Quando abbiamo letto del nuovo disco dei C+C=Maxigross ci siamo abbastanza stupiti. Già perché lo scorso agosto, proprio su queste pagine, avevamo ospitato questa lunga riflessione scritta di Tobia Poltronieri che ci ha indotto a pensare che, per ascoltare di nuovo un loro lavoro, sarebbero passati, quantomeno, degli anni. E invece no, questo venerdì è uscito il loro nuovo disco. Ma forse stiamo sbagliando tutti: definirlo disco è abbastanza riduttivo.
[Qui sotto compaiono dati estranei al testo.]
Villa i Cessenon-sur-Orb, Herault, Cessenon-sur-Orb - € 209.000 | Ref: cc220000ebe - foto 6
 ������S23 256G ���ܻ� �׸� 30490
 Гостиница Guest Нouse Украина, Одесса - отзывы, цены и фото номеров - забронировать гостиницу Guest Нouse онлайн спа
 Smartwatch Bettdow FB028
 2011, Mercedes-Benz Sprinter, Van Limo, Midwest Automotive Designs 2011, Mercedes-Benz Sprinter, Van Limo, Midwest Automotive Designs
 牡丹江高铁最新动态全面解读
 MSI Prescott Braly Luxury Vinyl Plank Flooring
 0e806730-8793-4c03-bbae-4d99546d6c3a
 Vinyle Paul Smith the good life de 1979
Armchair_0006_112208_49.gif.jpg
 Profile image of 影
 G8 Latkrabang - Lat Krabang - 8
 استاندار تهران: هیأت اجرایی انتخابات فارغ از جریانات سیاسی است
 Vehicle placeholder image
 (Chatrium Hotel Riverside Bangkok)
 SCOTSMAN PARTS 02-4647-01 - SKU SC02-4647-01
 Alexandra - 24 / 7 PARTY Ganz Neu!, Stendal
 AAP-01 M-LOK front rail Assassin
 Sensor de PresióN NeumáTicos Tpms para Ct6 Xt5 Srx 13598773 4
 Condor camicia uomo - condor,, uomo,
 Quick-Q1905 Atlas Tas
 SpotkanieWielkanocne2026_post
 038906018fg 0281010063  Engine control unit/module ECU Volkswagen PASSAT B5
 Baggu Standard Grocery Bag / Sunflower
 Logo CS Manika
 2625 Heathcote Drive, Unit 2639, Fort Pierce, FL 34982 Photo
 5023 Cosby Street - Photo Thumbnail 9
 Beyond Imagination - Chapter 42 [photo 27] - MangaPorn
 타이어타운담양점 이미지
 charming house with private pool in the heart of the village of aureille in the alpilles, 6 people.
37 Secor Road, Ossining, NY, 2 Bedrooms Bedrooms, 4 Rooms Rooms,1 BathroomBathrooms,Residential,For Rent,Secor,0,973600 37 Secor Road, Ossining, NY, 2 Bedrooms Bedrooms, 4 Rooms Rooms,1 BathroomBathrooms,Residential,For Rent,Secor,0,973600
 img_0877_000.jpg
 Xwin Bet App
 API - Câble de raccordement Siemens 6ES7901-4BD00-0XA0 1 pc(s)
Come infatti i C+C=Maxigross hanno certificato sui loro profilo social “Crediamo fortemente che comprare questo nuovo disco per te possa significare non solo ascoltare nuova musica. Certo, sarà soprattutto quello. Ma sarà anche la maniera per aiutarci a portare avanti un progetto artistico in un momento storico in cui per la società in cui viviamo (e il sistema economico su cui essa si basa) ciò che facciamo e a cui ci dedichiamo da più di dieci anni non ha alcun valore”.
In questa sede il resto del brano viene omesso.